=== Data records ===
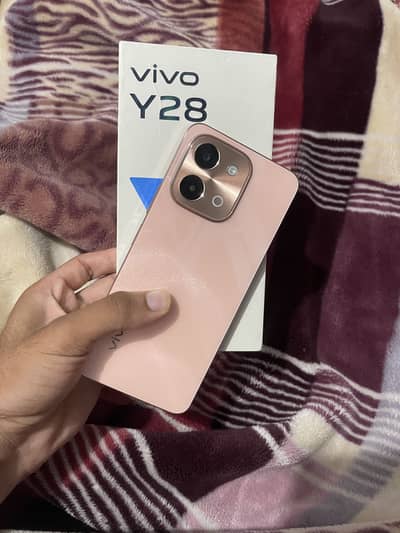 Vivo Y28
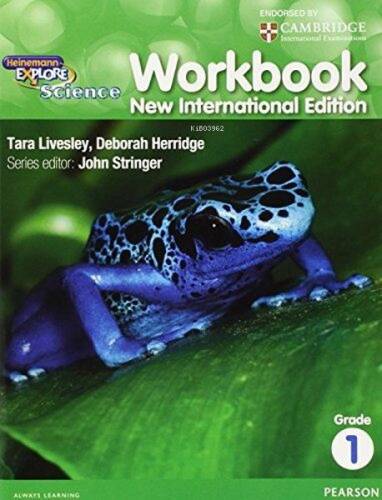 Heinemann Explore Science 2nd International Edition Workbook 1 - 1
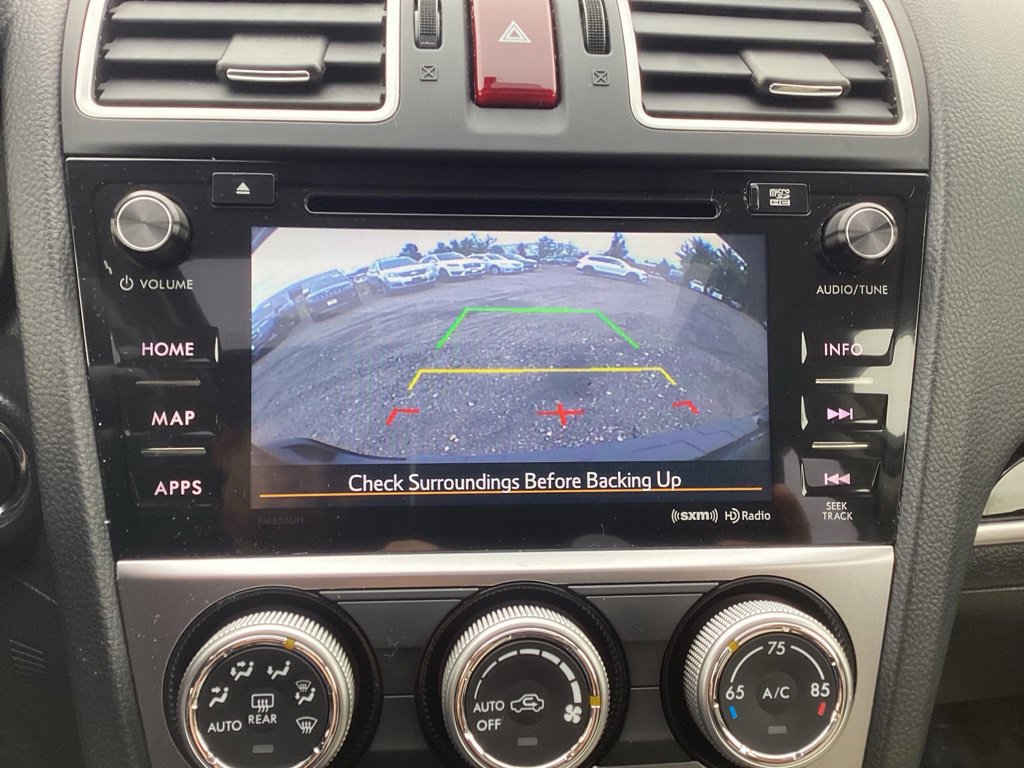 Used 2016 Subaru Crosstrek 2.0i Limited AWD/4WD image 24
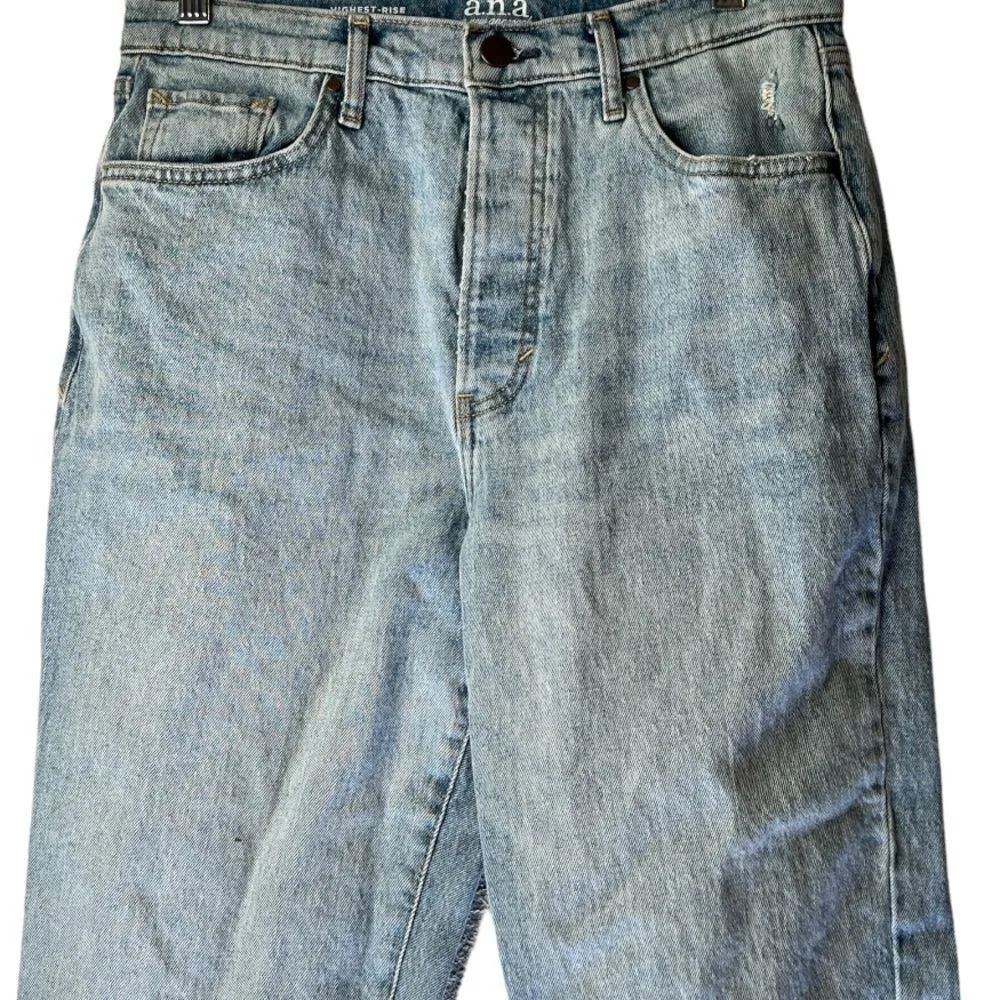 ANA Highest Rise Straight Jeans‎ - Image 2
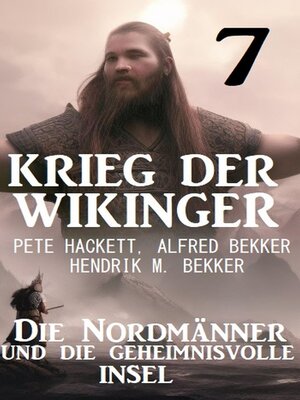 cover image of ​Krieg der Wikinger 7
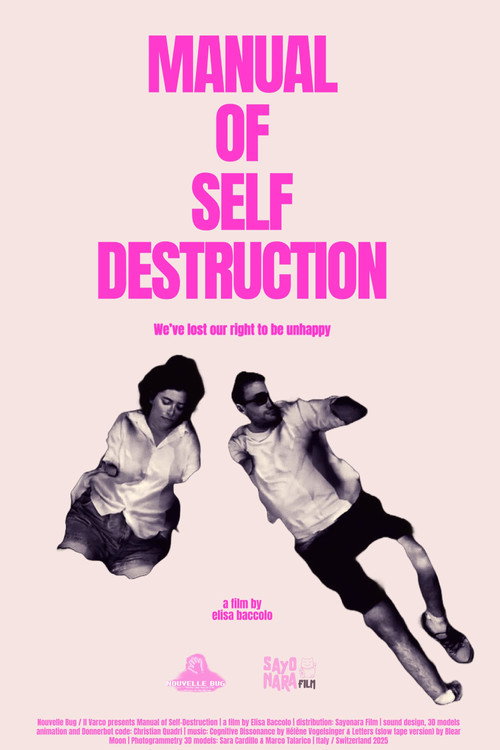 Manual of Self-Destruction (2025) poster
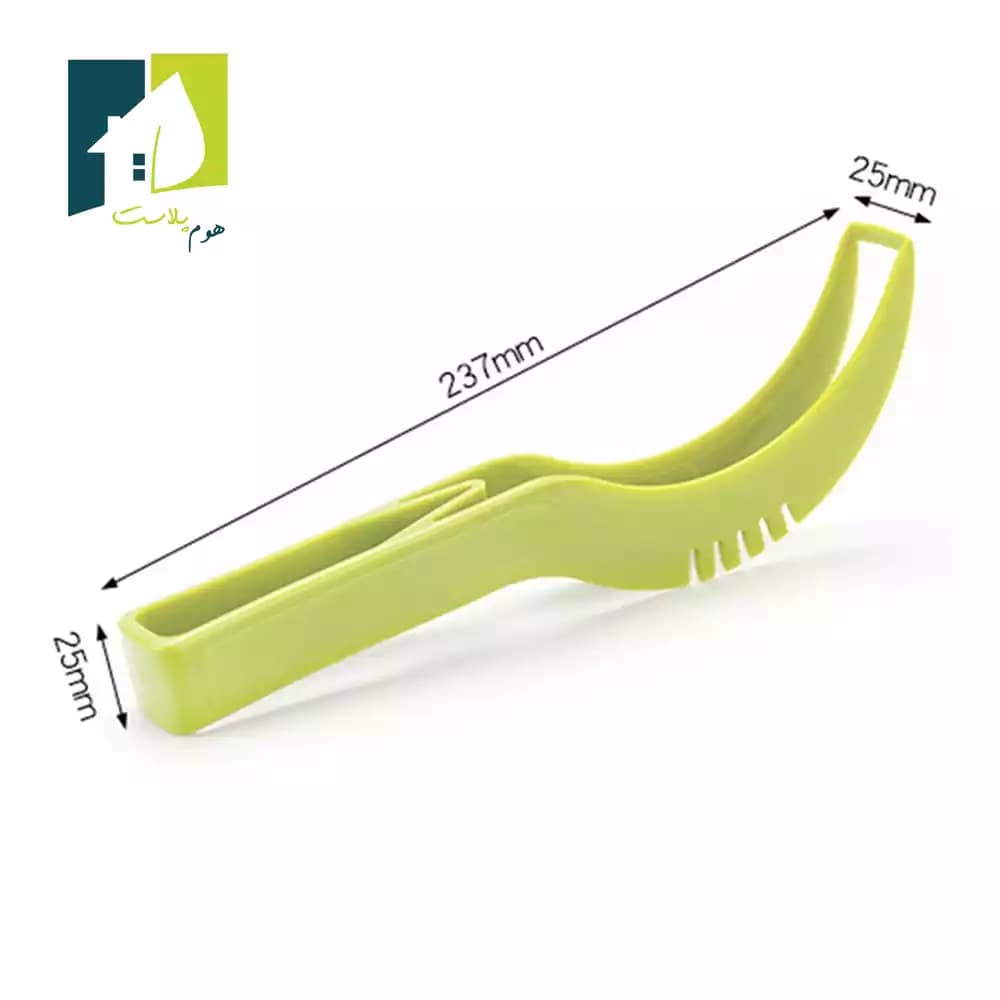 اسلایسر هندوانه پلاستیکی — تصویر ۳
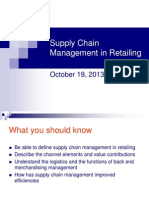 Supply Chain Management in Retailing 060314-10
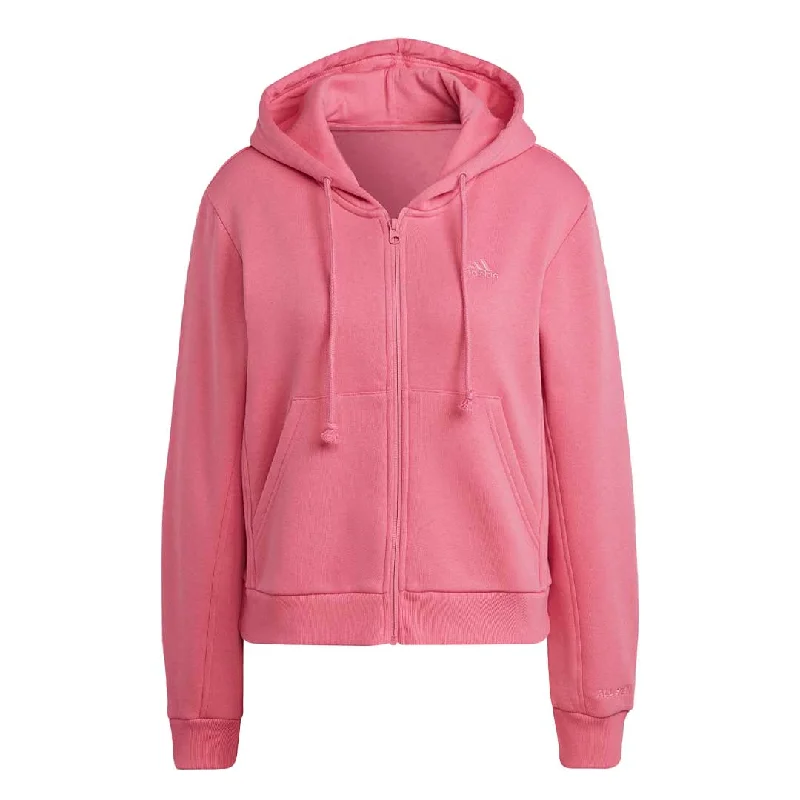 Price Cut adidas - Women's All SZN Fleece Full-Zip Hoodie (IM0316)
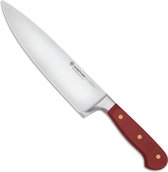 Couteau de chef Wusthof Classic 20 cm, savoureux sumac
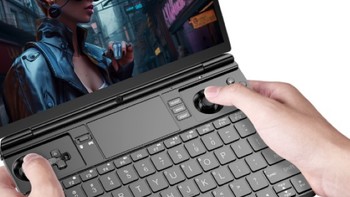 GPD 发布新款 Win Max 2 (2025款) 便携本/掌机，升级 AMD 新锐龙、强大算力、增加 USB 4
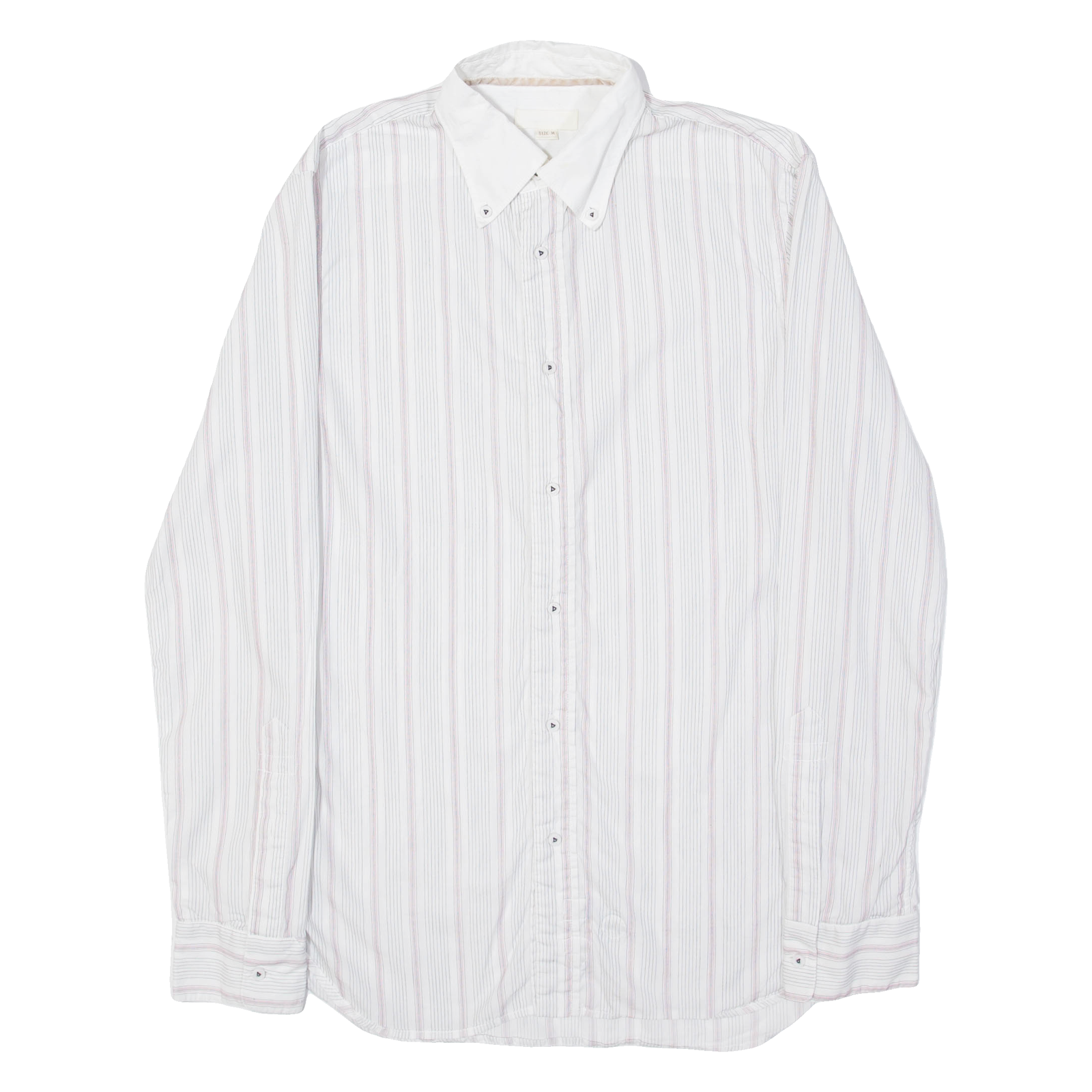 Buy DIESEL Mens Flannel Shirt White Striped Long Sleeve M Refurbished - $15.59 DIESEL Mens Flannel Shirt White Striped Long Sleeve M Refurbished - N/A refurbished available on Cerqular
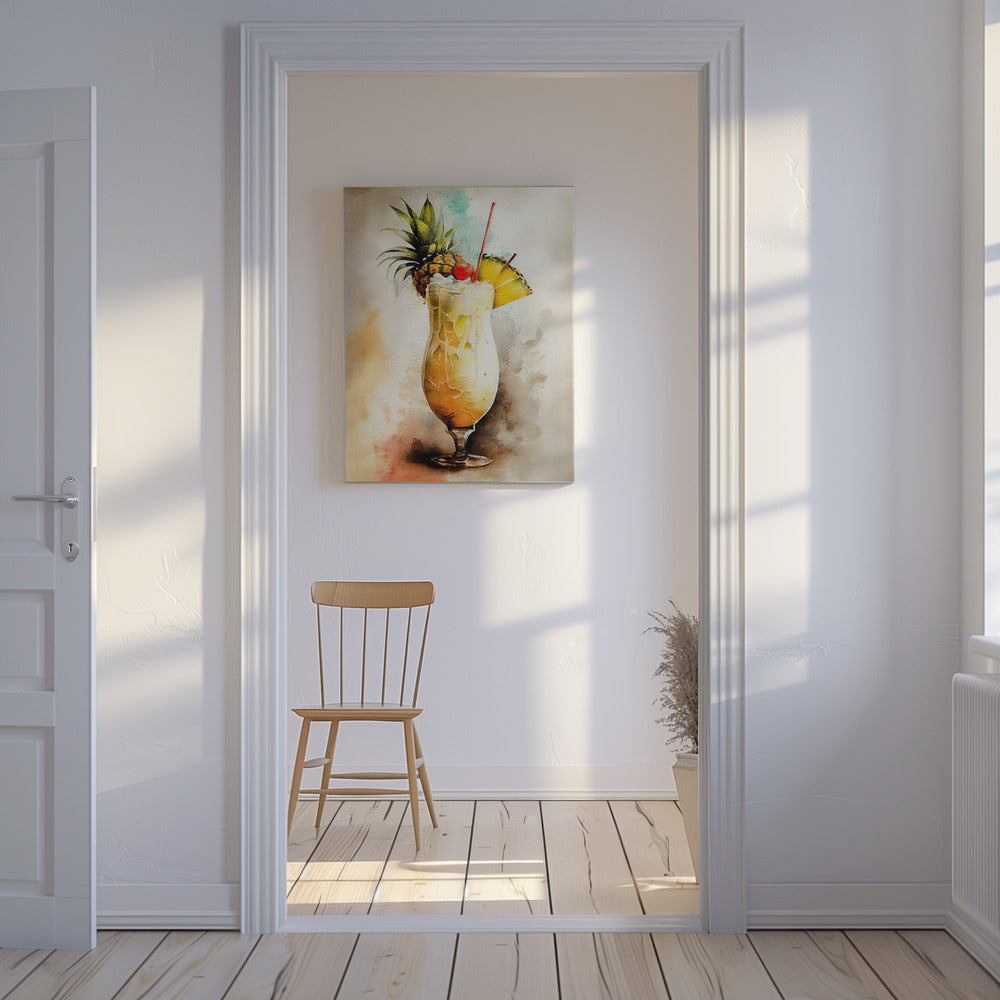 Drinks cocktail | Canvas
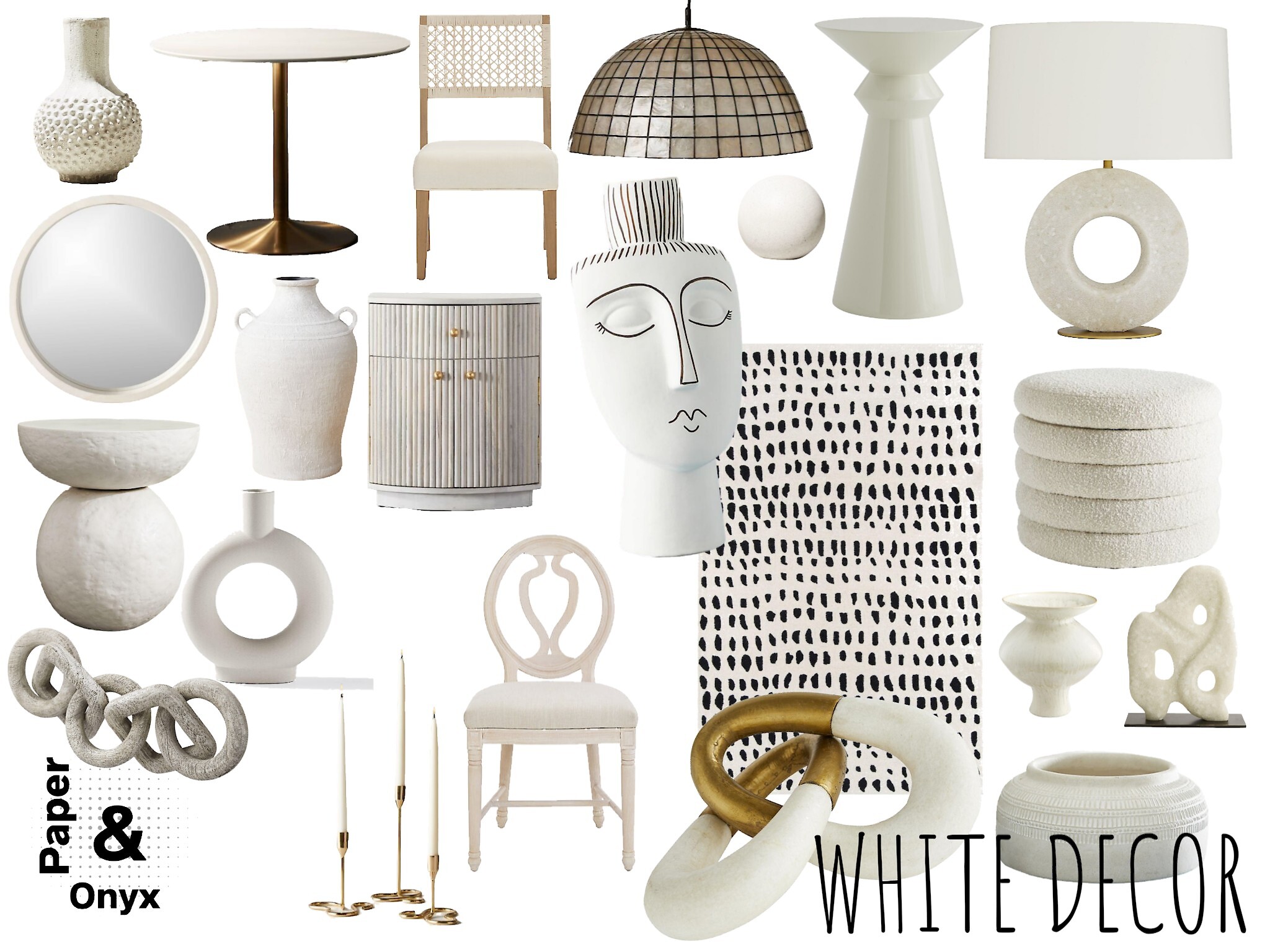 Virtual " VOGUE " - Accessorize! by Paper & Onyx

=== Task to carry out ===
In the copy, only the lines from the one holding "Couteau de chef" through the end of the listing above should appear, retyped exactly, both ends included, with no pictures.

=== Exercise response ===
 Couteau de chef Wusthof Classic 20 cm, savoureux sumac
 GPD 发布新款 Win Max 2 (2025款) 便携本/掌机，升级 AMD 新锐龙、强大算力、增加 USB 4
 Buy DIESEL Mens Flannel Shirt White Striped Long Sleeve M Refurbished - $15.59 DIESEL Mens Flannel Shirt White Striped Long Sleeve M Refurbished - N/A refurbished available on Cerqular
 Drinks cocktail | Canvas
 Virtual " VOGUE " - Accessorize! by Paper & Onyx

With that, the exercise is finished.